AIM OF THE TASK: The answer is an exact repetition of every entry, with all images left out.

(EXERCISE MATERIAL Opens)

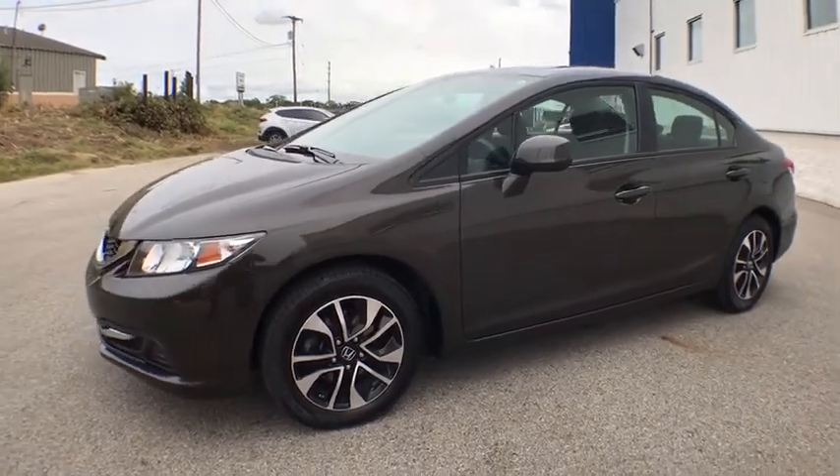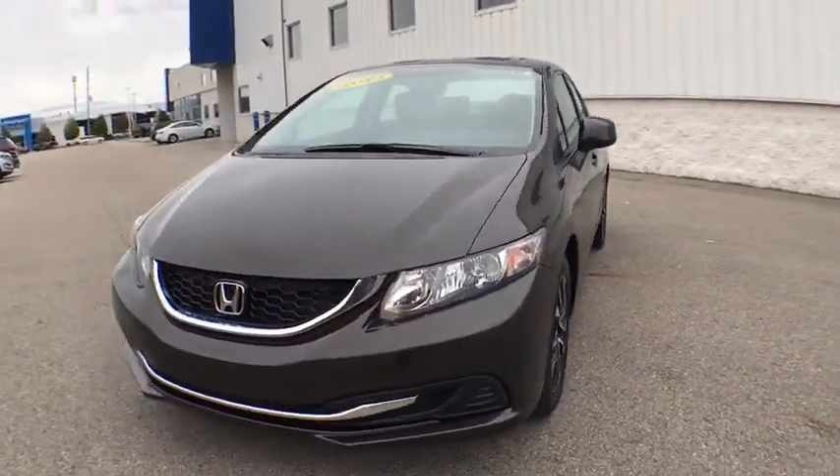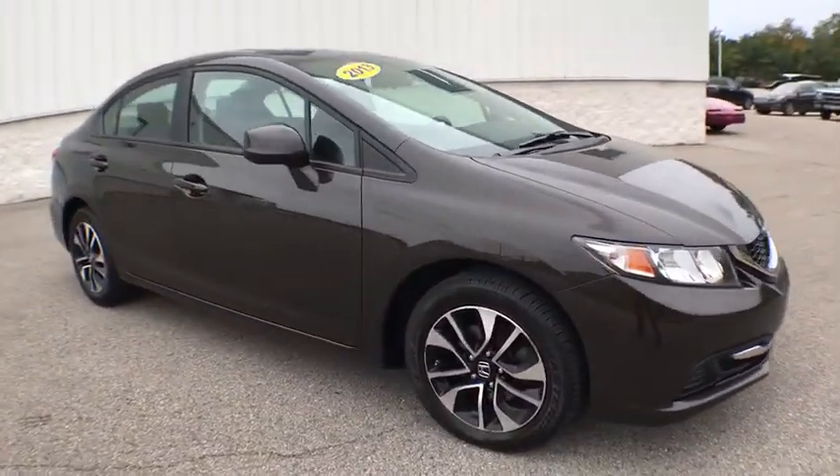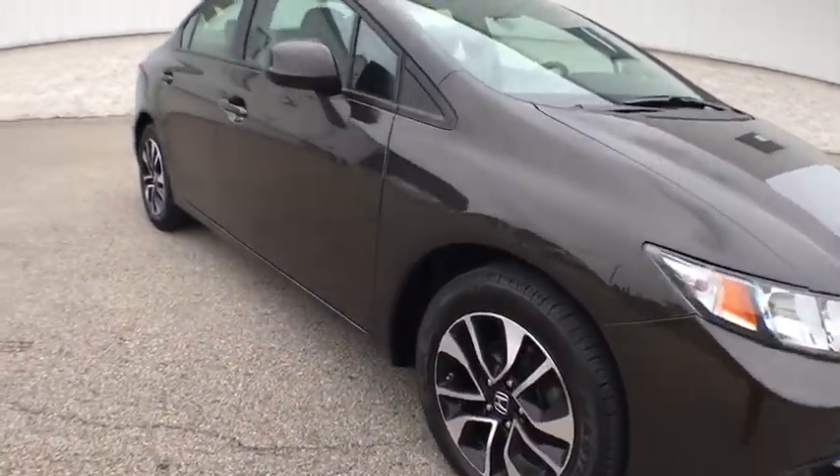The 2013 Honda Civic. Practical, awesome gas mileage, and incredibly reliable. This vehicle has less than 65,000 miles.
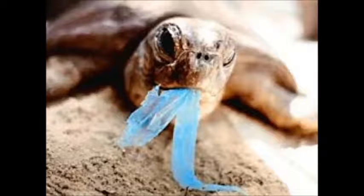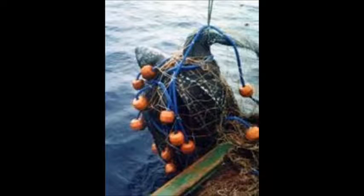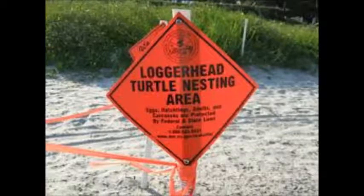The biggest threats to the loggerhead turtle are habitat destruction, plastic and other marine debris, ocean pollution, accidental capture in fishing gear, and global warming having an impact on turtle nesting sites.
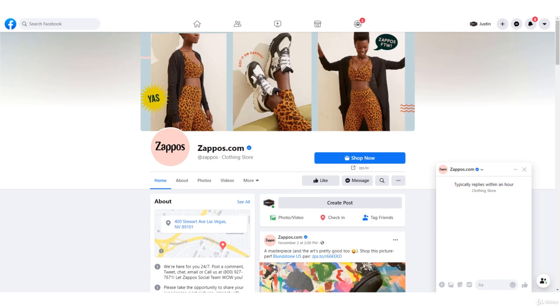Another Facebook page I love is Zappos. Again, a 'Shop Now' call to action. Great photos featured right at the top telling me that they sell shoes. And then what is Zappos all about? They're known for customer service — we're here for you 24/7. Post a comment, tweet, chat, email, call — they're giving you every option to get ahold of them. That's rare in some businesses today. Zappos is all about branding themselves as customer service first.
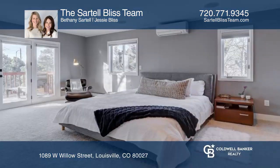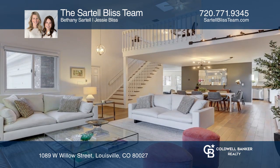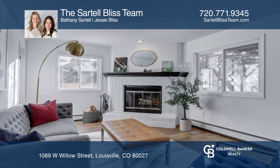Enjoy stunning mountain views and updates to this 4 bedroom, 4 bathroom home. The open floor plan features a living and dining room, a bright kitchen with granite countertops and newly repainted cabinets, and a cozy family room with a wood burning fireplace.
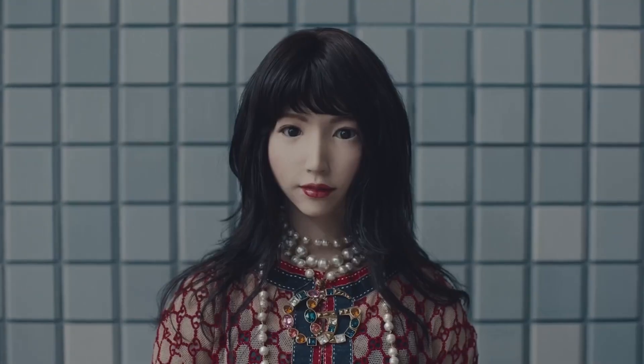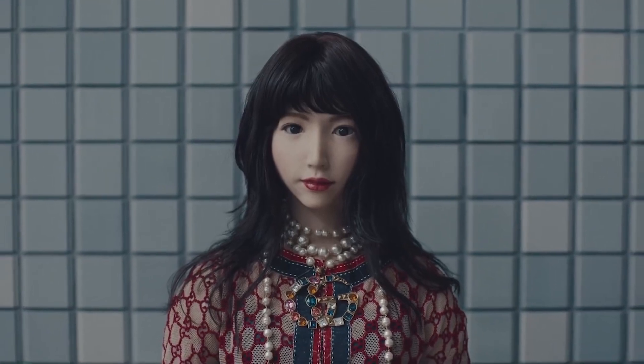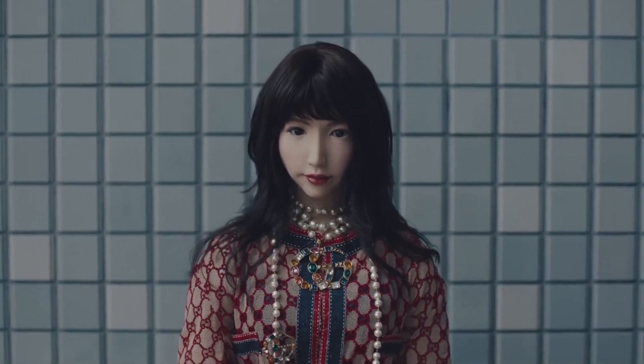Each Geminoid is a bespoke creation, designed to mimic a particular individual right down to their movements and expressions. Take Geminoid Hi-2, for instance. This robot is a mirror image of Professor Hiroshi Ishiguro himself, right down to the minutest detail.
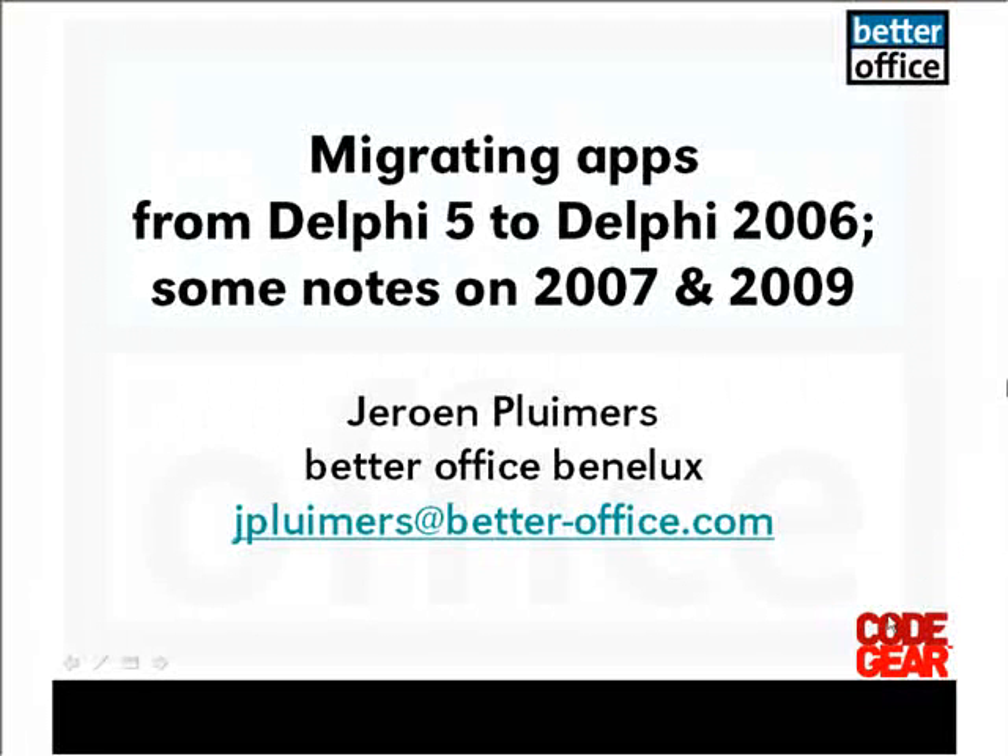Let's talk about migrating some applications from Delphi 5 to Delphi 2006, and some notes on Delphi 2007 and 2009. There are two sets of slides for this presentation — there is a full set of slides for a Delphi 2009 migration that you get with the downloads on the conference.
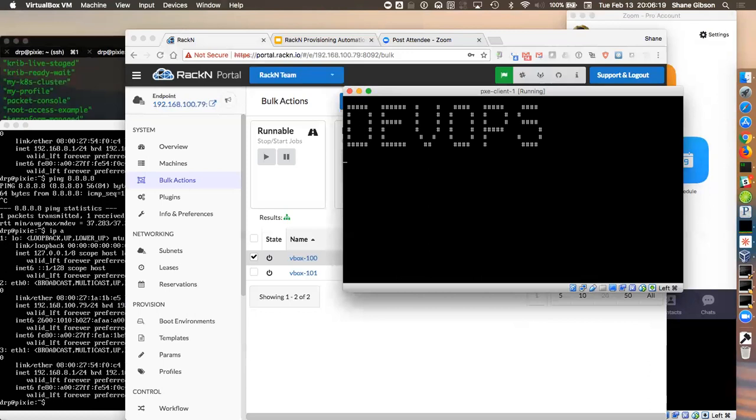Immutable infrastructure, Kubernetes, and immutable clusters — that's in two weeks, February 28th, right back in here. Be here. On behalf of TechSystems and everyone, thank you so much for coming.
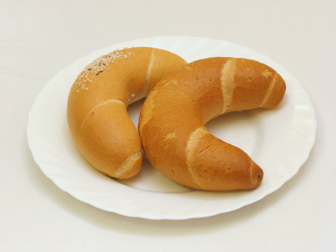Origin: The kipfrel has been documented in Austria going back at least as far as the 13th century. A common culinary myth claims that when Christian forces freed Buda from Ottoman occupation in 1683, the bakers of the town celebrated the victory the next day by selling freshly baked bread rolls made into a crescent shape. Another culinary legend claims that the kipfrel was invented in Vienna after or during the siege of the city by the Ottoman Turks.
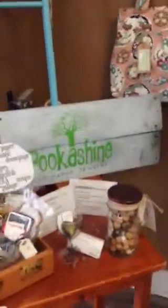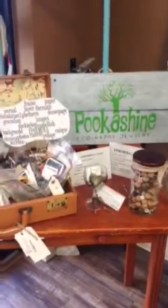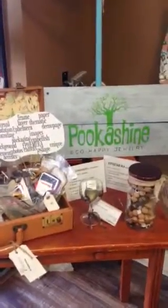Hey y'all, this is Christina at Southern Balm Bookshop. Just wanted to tell you a little bit about some of the upcycled artists that we have here in the bookshop. Our good friend from Puka Shine, Echo Happy Jewelry, always creates lovely art pieces.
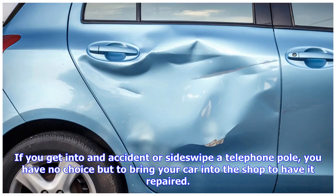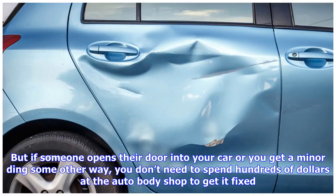If you get into an accident or sideswipe a telephone pole, you have no choice but to bring your car into the shop to have it repaired. But if someone opens their door into your car or you get a minor ding some other way, you don't need to spend hundreds of dollars at the auto body shop to get it fixed. The U-Popsit Dent Puller Kit is surprisingly effective and easy to use, and best of all it only costs $17 on Amazon.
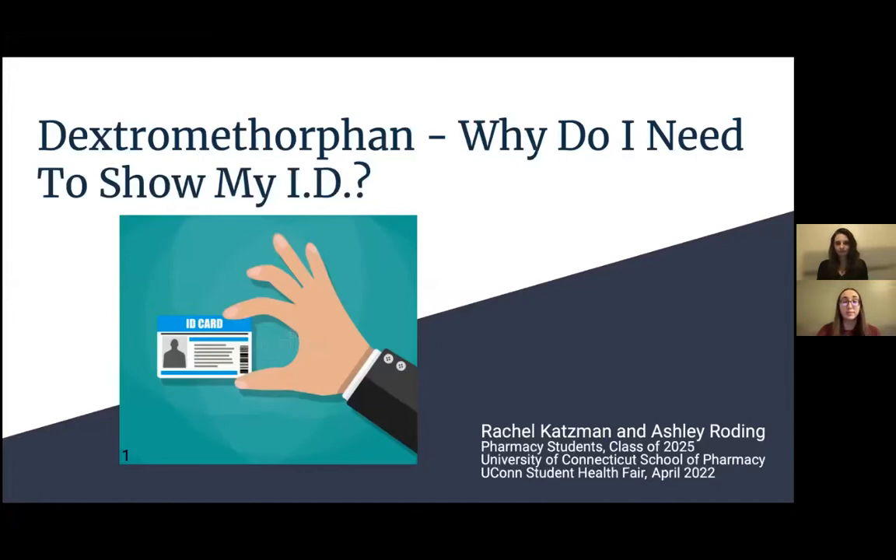Hi, my name is Ashley Roeding and I'm Rachel Katzman, and we're both first year pharmacy students at the UConn School of Pharmacy. Today we're going to be presenting on dextromethorphan and why you need to show your ID when you purchase it.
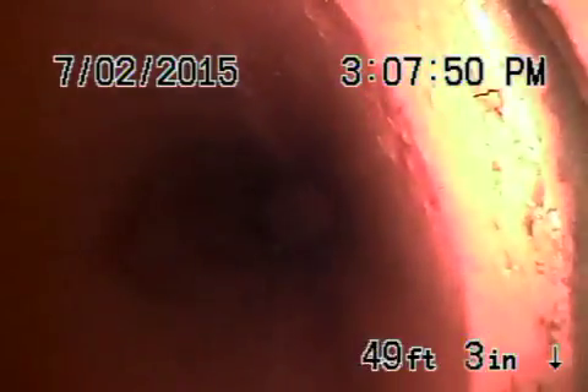You might need maintenance on the line every say once a year or every two years. You might need to run either a snake or HydroJet like we just did. But you can see it's nice and clean coming back.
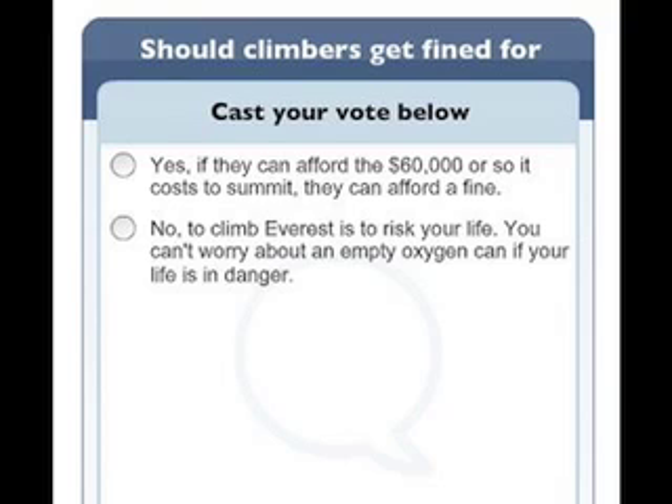I was really surprised to learn about all the litter that's on Everest. I had heard about it in the past but didn't realize the extent of all the garbage. In response, I have a poll asking what you think about litterers on Everest and if they should be fined. Make sure you visit my blog and make your selection.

(EXERCISE MATERIAL Closes)

YOUR RESPONSE:
The 2013 Honda Civic. Practical, awesome gas mileage, and incredibly reliable. This vehicle has less than 65,000 miles.
The biggest threats to the loggerhead turtle are habitat destruction, plastic and other marine debris, ocean pollution, accidental capture in fishing gear, and global warming having an impact on turtle nesting sites.
Another Facebook page I love is Zappos. Again, a 'Shop Now' call to action. Great photos featured right at the top telling me that they sell shoes. And then what is Zappos all about? They're known for customer service — we're here for you 24/7. Post a comment, tweet, chat, email, call — they're giving you every option to get ahold of them. That's rare in some businesses today. Zappos is all about branding themselves as customer service first.
Enjoy stunning mountain views and updates to this 4 bedroom, 4 bathroom home. The open floor plan features a living and dining room, a bright kitchen with granite countertops and newly repainted cabinets, and a cozy family room with a wood burning fireplace.
Each Geminoid is a bespoke creation, designed to mimic a particular individual right down to their movements and expressions. Take Geminoid Hi-2, for instance. This robot is a mirror image of Professor Hiroshi Ishiguro himself, right down to the minutest detail.
Let's talk about migrating some applications from Delphi 5 to Delphi 2006, and some notes on Delphi 2007 and 2009. There are two sets of slides for this presentation — there is a full set of slides for a Delphi 2009 migration that you get with the downloads on the conference.
Immutable infrastructure, Kubernetes, and immutable clusters — that's in two weeks, February 28th, right back in here. Be here. On behalf of TechSystems and everyone, thank you so much for coming.
Origin: The kipfrel has been documented in Austria going back at least as far as the 13th century. A common culinary myth claims that when Christian forces freed Buda from Ottoman occupation in 1683, the bakers of the town celebrated the victory the next day by selling freshly baked bread rolls made into a crescent shape. Another culinary legend claims that the kipfrel was invented in Vienna after or during the siege of the city by the Ottoman Turks.
Hey y'all, this is Christina at Southern Balm Bookshop. Just wanted to tell you a little bit about some of the upcycled artists that we have here in the bookshop. Our good friend from Puka Shine, Echo Happy Jewelry, always creates lovely art pieces.
If you get into an accident or sideswipe a telephone pole, you have no choice but to bring your car into the shop to have it repaired. But if someone opens their door into your car or you get a minor ding some other way, you don't need to spend hundreds of dollars at the auto body shop to get it fixed. The U-Popsit Dent Puller Kit is surprisingly effective and easy to use, and best of all it only costs $17 on Amazon.
Hi, my name is Ashley Roeding and I'm Rachel Katzman, and we're both first year pharmacy students at the UConn School of Pharmacy. Today we're going to be presenting on dextromethorphan and why you need to show your ID when you purchase it.
You might need maintenance on the line every say once a year or every two years. You might need to run either a snake or HydroJet like we just did. But you can see it's nice and clean coming back.
I was really surprised to learn about all the litter that's on Everest. I had heard about it in the past but didn't realize the extent of all the garbage. In response, I have a poll asking what you think about litterers on Everest and if they should be fined. Make sure you visit my blog and make your selection.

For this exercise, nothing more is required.